Cassondra: This is not the Nancy we know. *raises eyebrow* How did you get from Silver Chief to Super-heroes.
Nancy: I discovered super-heroes when I saw the window of the M&M Soda Shop in my hometown of Davidson when I was seven. I was walking down the street with my grandfather (my mom’s father) and spotted a Superman comic (I think it actually may have been an issue of Superman’s Pal Jimmy Olsen) lying in the window. It had a Phantom Zone story on the cover, if I remember right, and I was intrigued with the bright colors and spooky ghosts. So I asked my grandfather to buy it for me.
“Honey,” he said, “are you sure your mama wants you to have that?”
“She won’t mind if you buy it for me,” I replied, with greater insight than I realized. And so it all began.
And Cassondra, you’re not that scary. So far.
Cassondra: Hmmm. I’ll have to try harder.
What’s the first book you remember reading by yourself?
Nancy: I don’t really remember what that was. I suspect it would’ve been in the Dick & Jane series.
Cassondra: I know nothing of this series, but since I’m a romance writer, based on the cover I’d say Dick and Jane had something going…Ahem…
What book did you read over and over as a child?
Nancy: The D’Aulaires’ Book of Greek Myths, an oversized, beautifully illustrated picture book about the Greek gods.
Cassondra: Oh, jeez. I knew you were a geek, but I had not fully comprehended the extent of it, or how early it started.
Nancy: It’s never too late to be enlightened. Anyway….I discovered that book in the school library when I was in third grade, and I checked it out over and over and over again. This was about a year after I discovered super-hero comic books, so maybe the two are related. From a third-grader’s perspective, the Greek gods seemed a bit like super-heroes.
Cassondra: Okay, yes. I can see that connection.
Nancy: The dh learned of this a few years after we were married. The book was back in print, and he gave me a copy for Christmas. I later enjoyed reading it to the boy.
Cassondra: Okay now for the serious stuff…
What are you willing to tell us about your first date?
Nancy: Hmm. It was with a guy I met at the Latin club banquet. He was taller than I was–always a plus!–as well as a year older and actually looked pretty good in a toga (with a shirt–remember, this was high school a few decades ago).
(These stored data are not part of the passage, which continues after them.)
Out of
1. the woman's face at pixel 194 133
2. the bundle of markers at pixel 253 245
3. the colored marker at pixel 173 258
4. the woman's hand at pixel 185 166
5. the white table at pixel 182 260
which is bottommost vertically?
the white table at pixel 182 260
I thought he was interested in my friend, but he called and invited me to go with him to hear a chamber orchestra.
All I knew about classical music was what my piano teacher had managed to instill in me and I’d absorbed from being in the band. Still, he was cute and nice, and into Latin, so why not? We had a great time and dated for a while.
Cassondra: What was the best date you ever went on? (No, it doesn’t have to be one with your significant other. Shhhh. We won’t tell.)
Nancy: That’s kind of a toughie. My view of any date is shaded by what came after it.
Cassondra: That is so quintessentially Nancy.
Nancy: *rolls eyes* So I’ll pick the night the dh and I got engaged, which happened on the sidewalk as we walked from dinner to a play. It’s tough to focus on the stage when you feel as though you have champagne fizzing inside you, but we stayed for the whole thing. That was 26 years ago, so what came after obviously shades it rather nicely.
Cassondra: What do you collect, and why?
Nancy: I love dragons (big surprise!), so I collect dragon pictures and glass goblets with blown glass dragons in the stems. I have four different goblets. They’re not very expensive, which adds to their appeal, but I haven’t seen a new one lately. We drank champagne out of them when Renegade sold.
Cassondra: You love dragons. So it’s no coincidence that you were the Bandit who found Ermingarde and brought her to live here in the Lair.
Nancy: I guess it’s not a coincidence. She turned up in our back yard when the Golden Rooster was here overnight. Our house was too small for her, so I brought her to the lair, and that was that.
Cassondra: Good thing we had a turret. Ahem….What toy do you still have from your childhood?
Nancy: A small, red (now faded) stuffed dog I hid in the Barbie airplane box in the basement because he had holes in him, his stuffing was coming out, and my mom was going to throw him away. As the years went by, I kinda forgot about him. I found him again when we cleared things out before my parents moved out of the house. His foam stuffing is rock hard now, and he looks pretty bedraggled, but I’m never getting rid of him.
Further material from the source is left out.